(INFORMATION GIVEN begins)

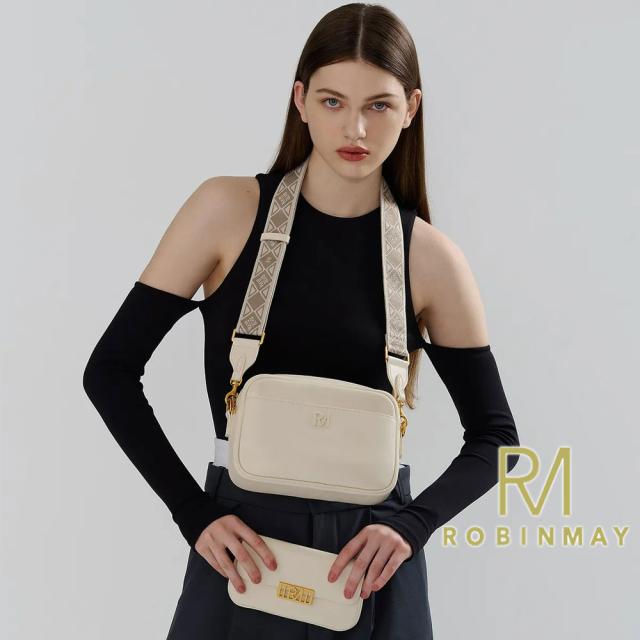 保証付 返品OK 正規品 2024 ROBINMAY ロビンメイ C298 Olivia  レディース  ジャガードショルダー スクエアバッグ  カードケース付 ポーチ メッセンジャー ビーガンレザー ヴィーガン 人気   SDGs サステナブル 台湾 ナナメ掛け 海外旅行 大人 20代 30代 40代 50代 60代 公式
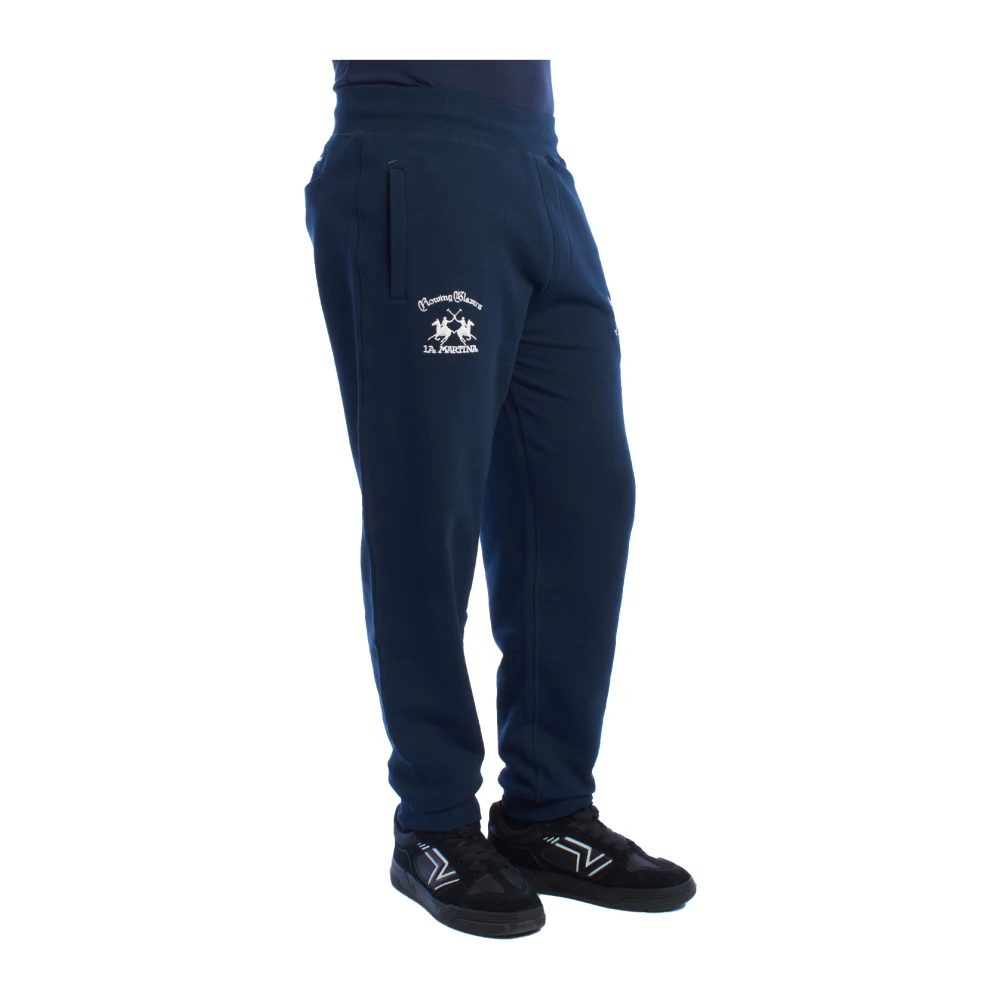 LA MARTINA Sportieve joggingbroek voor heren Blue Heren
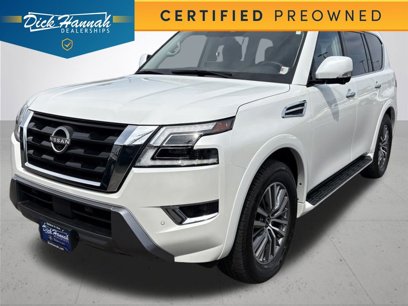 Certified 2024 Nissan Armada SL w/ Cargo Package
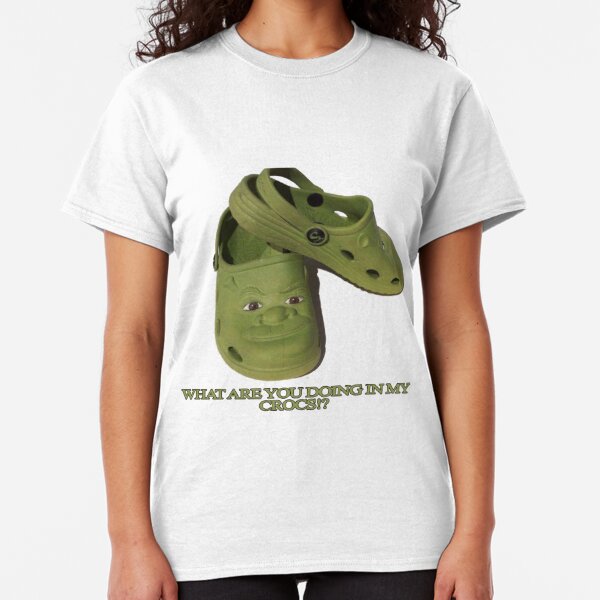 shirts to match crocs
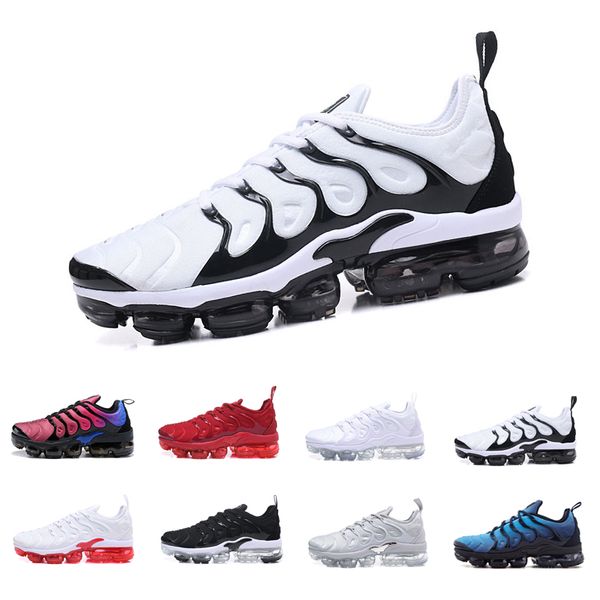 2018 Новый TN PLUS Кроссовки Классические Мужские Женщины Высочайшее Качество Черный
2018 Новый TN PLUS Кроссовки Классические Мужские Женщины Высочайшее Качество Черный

(INFORMATION GIVEN ends)

Repeat the lines above exactly, and keep every picture out.

 保証付 返品OK 正規品 2024 ROBINMAY ロビンメイ C298 Olivia  レディース  ジャガードショルダー スクエアバッグ  カードケース付 ポーチ メッセンジャー ビーガンレザー ヴィーガン 人気   SDGs サステナブル 台湾 ナナメ掛け 海外旅行 大人 20代 30代 40代 50代 60代 公式
 LA MARTINA Sportieve joggingbroek voor heren Blue Heren
 Certified 2024 Nissan Armada SL w/ Cargo Package
 shirts to match crocs
 2018 Новый TN PLUS Кроссовки Классические Мужские Женщины Высочайшее Качество Черный
2018 Новый TN PLUS Кроссовки Классические Мужские Женщины Высочайшее Качество Черный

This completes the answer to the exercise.